So, if the money is at Fidelity, open the account at Fidelity. Once the funds have been transferred, it is up to you and any other beneficiaries to take any RMDs (required minimum distributions) that were not taken by the original owner in the current calendar year. Once all this is done, you can transfer the money to the custodian of your choosing.
While we are covering SECURE 1.0, as of this writing in September 2023, components of SECURE 2.0 impact how and when you’ll have to take distributions from your new account. The chart below illustrates when you would have to start taking RMDs from your own account. Don’t confuse this with when you have to start RMDs from your inherited account.
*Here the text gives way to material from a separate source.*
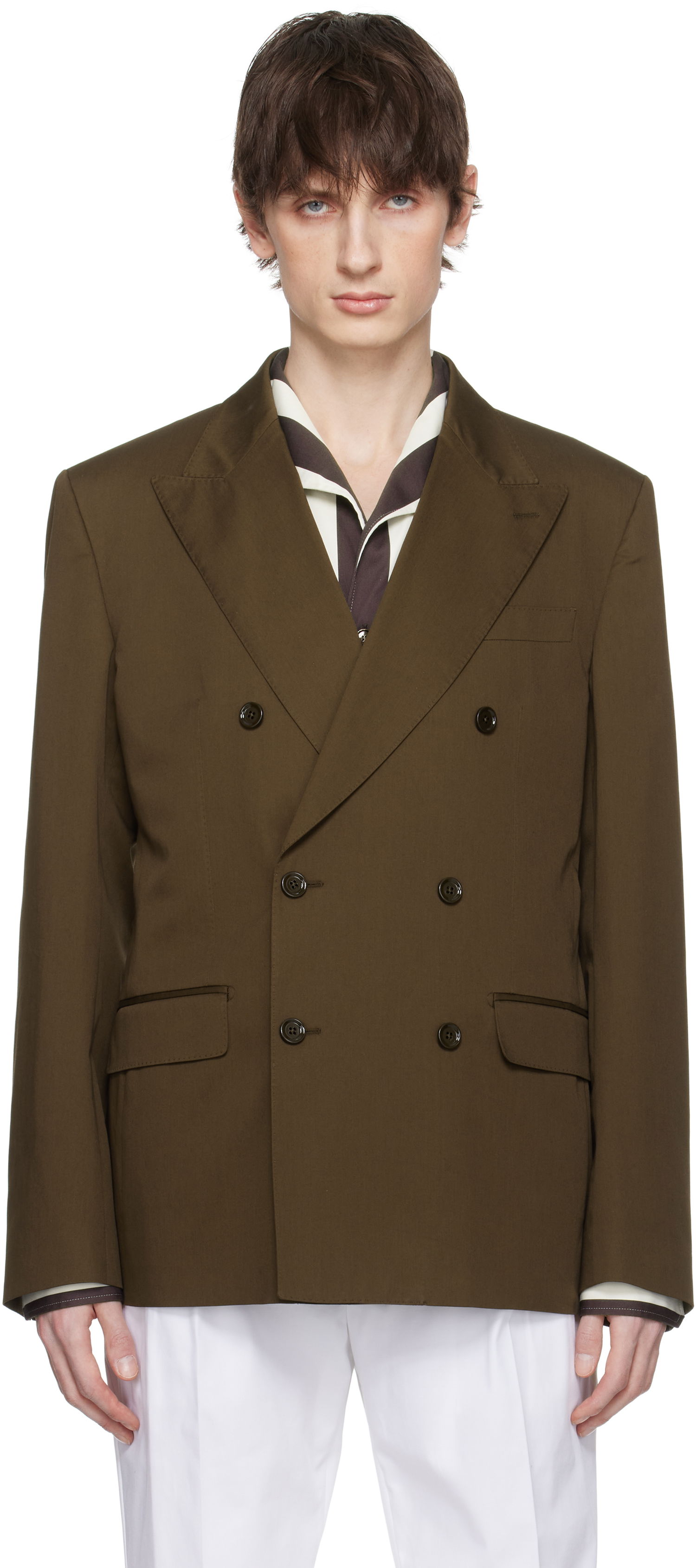 Jakke Dolce & Gabbana Dolce&Gabbana Double-Breasted Technical Gabardine Blazer Brun | G2TV8TFUFNV, 0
We simply (maybe not so simply) need to know whether or not the decedent would have been taking RMDs when they passed to know whether or not we have to.
DOB/birth year | First RMD |
---|---|
6/30/49 or earlier | 70½ |
7/1/49-12/31/50 | 72 |
1951-1959 | 73 |
1960+ | 75 |
April 1 of the year after the year of your first RMD is known as your RBD — required beginning date. (I thought you might want another acronym.) Example: If your birthday is May 23, 1949, you are beyond your required beginning date. If your birthday is May 23, 1959, you have not yet reached your required beginning date.
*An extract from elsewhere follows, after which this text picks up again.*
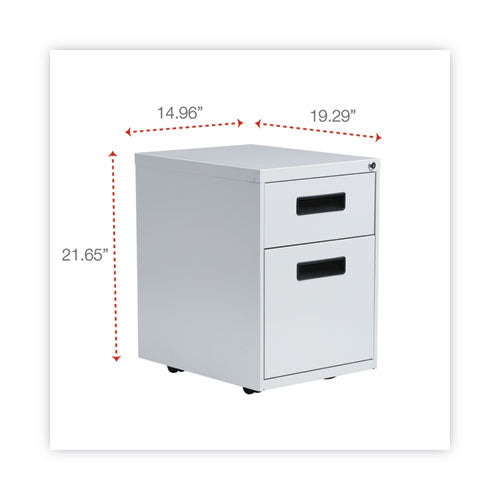 Image of Alera® File Pedestal, Left Or Right, 2-Drawers: Box/file, Legal/letter, Light Gray, 14.96" X 19.29" X 21.65"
10-year rule changes some things
When the initial SECURE Act went into effect, it didn’t appear to matter when the account owner died. The 10-year rule applied to all non-eligible designated beneficiaries. If an account owner died in 2020, the beneficiary account would have to be emptied by Dec. 31, 2030. How and when the beneficiaries took those distributions didn’t matter. IRS Publication 590-b reinforced this point.
However, in February 2022, the IRS issued proposed regulations seeking to split this new group of beneficiaries into two: those who inherited from a decedent before their RBD and those who inherited from a decedent who died after their RBD:
If the decedent died before their required beginning date: The 10-year rule, as it was initially interpreted, stands. The account must be fully withdrawn by Dec. 31 of year 10. In years one through nine you are not required to do anything. This would lead the competent planner to increase distributions in lower-income years and decrease distributions in higher-income years to mitigate the tax consequences of withdrawals.
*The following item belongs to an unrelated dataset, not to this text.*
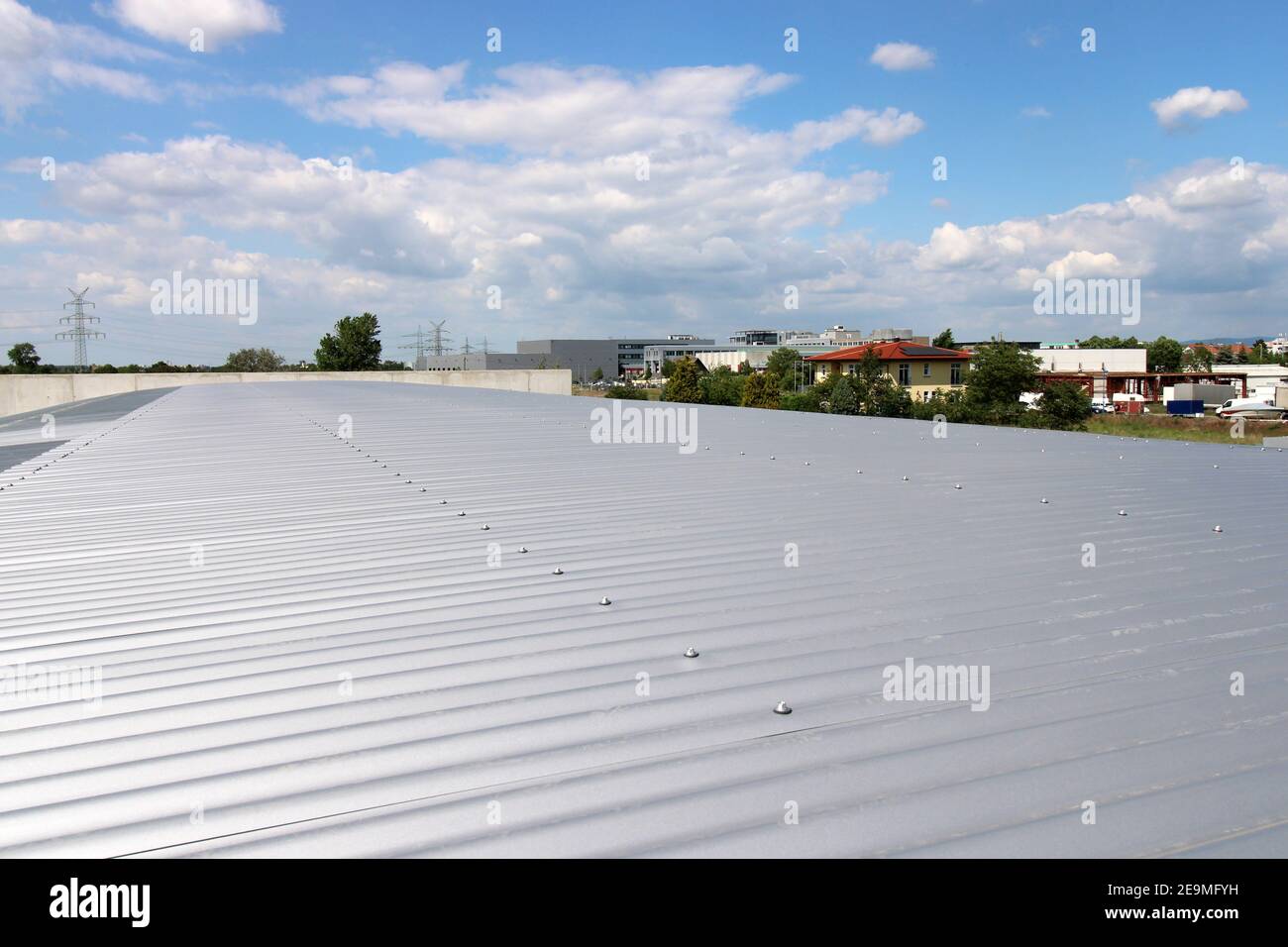 Barrel vault roof on a new warehouse Stock Photo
If the decedent died after their required beginning date: The 2022 proposed regulations, emphasis on “proposed,” introduce an additional component: regular stretch distributions. The beneficiary would have to take RMDs as they would have before SECURE 1.0, in every year. Any additional amounts left in the account would have to be fully distributed at the end of the 10-year period. As you may imagine, this threw the planning community — at least those who were aware of it — into a panic. Not only was this unclear over the last two years, it introduced a level of complexity that very few would be able to navigate.
Two IRS notices have been released since February 2022. They waive the penalty for any missed RMDs from inherited IRAs for 2021-2023. They also punt as to when the final regulations will be released.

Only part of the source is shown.